Exercise brief - Only the pictures are to be left out; write out the rest of the data exactly.

Supplied material -

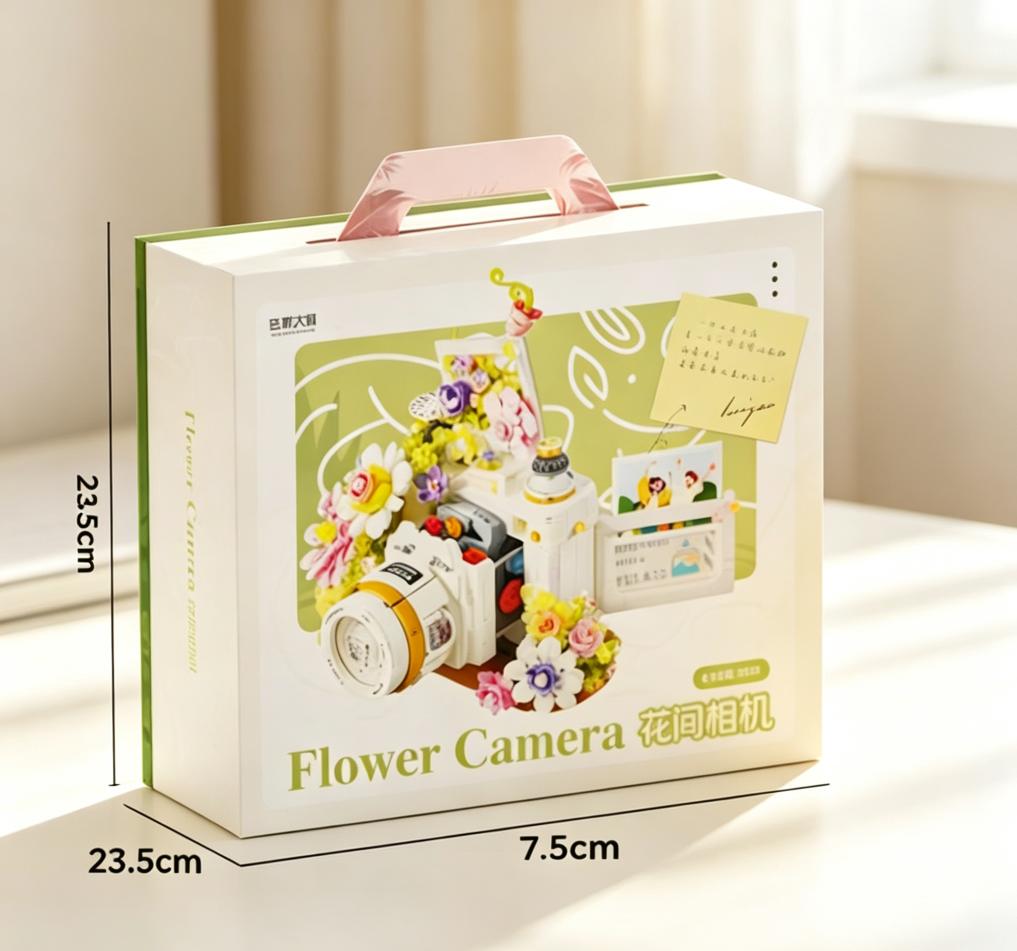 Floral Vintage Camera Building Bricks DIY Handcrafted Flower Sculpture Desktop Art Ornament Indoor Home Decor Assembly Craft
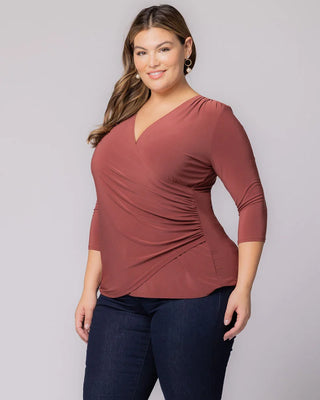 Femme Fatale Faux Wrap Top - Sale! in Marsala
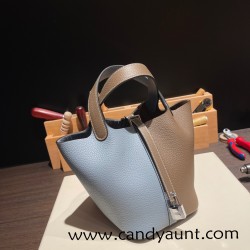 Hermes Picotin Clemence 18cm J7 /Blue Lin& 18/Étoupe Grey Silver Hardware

Result -
 Floral Vintage Camera Building Bricks DIY Handcrafted Flower Sculpture Desktop Art Ornament Indoor Home Decor Assembly Craft
 Femme Fatale Faux Wrap Top - Sale! in Marsala
 Hermes Picotin Clemence 18cm J7 /Blue Lin& 18/Étoupe Grey Silver Hardware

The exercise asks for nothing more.